Dataset content:
# # #
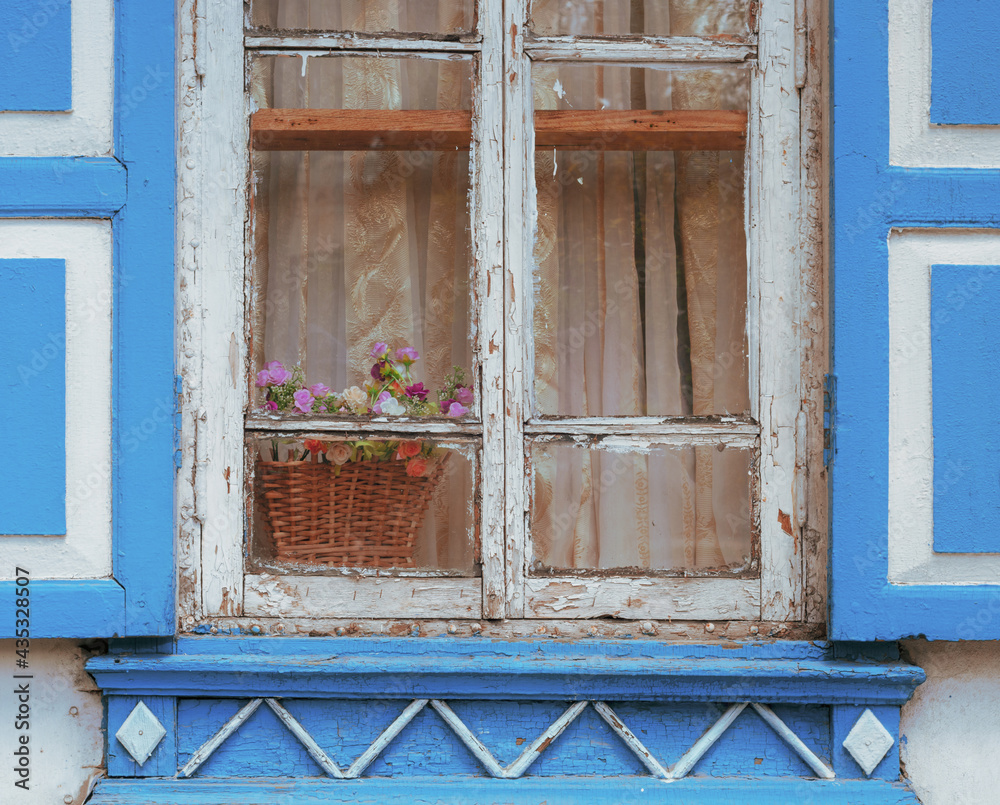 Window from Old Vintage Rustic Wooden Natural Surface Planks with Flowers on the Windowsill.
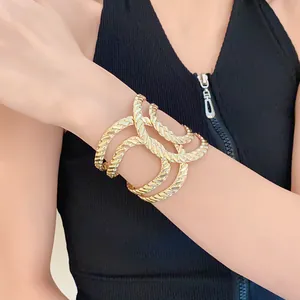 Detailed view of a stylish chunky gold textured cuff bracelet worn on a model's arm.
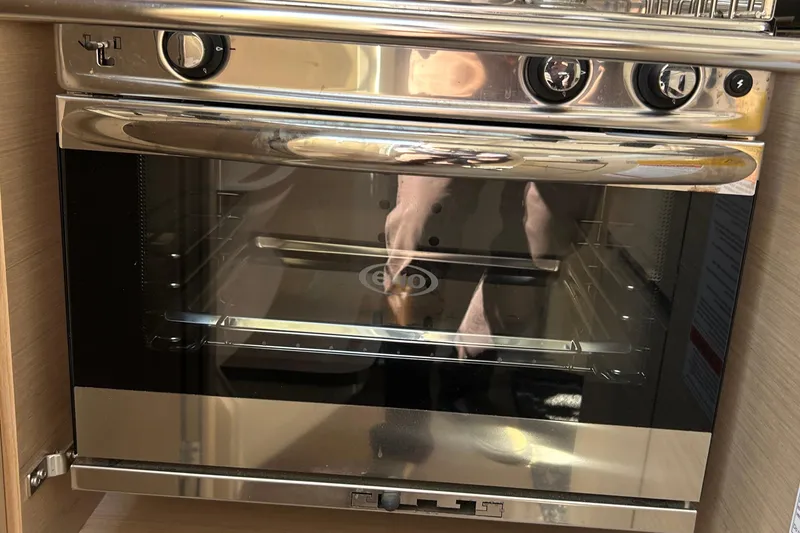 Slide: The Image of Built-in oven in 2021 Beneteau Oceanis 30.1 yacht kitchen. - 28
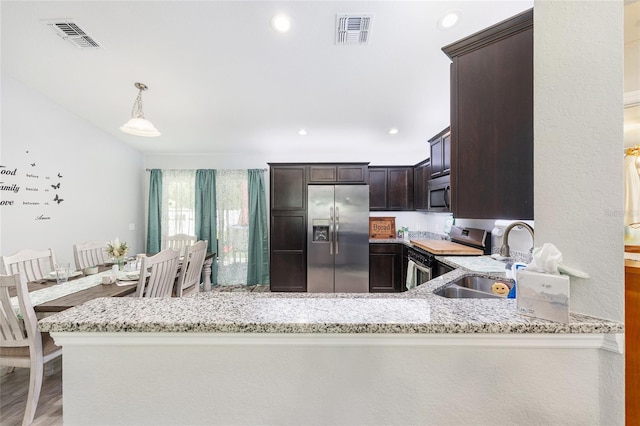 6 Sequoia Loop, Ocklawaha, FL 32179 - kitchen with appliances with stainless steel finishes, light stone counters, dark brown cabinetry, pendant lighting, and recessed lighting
# # #
Activity: Write out, word for word, only the lines from the one containing "Slide: The Image" to the end of the data above; the pictures stay out.

Result:
 Slide: The Image of Built-in oven in 2021 Beneteau Oceanis 30.1 yacht kitchen. - 28
 6 Sequoia Loop, Ocklawaha, FL 32179 - kitchen with appliances with stainless steel finishes, light stone counters, dark brown cabinetry, pendant lighting, and recessed lighting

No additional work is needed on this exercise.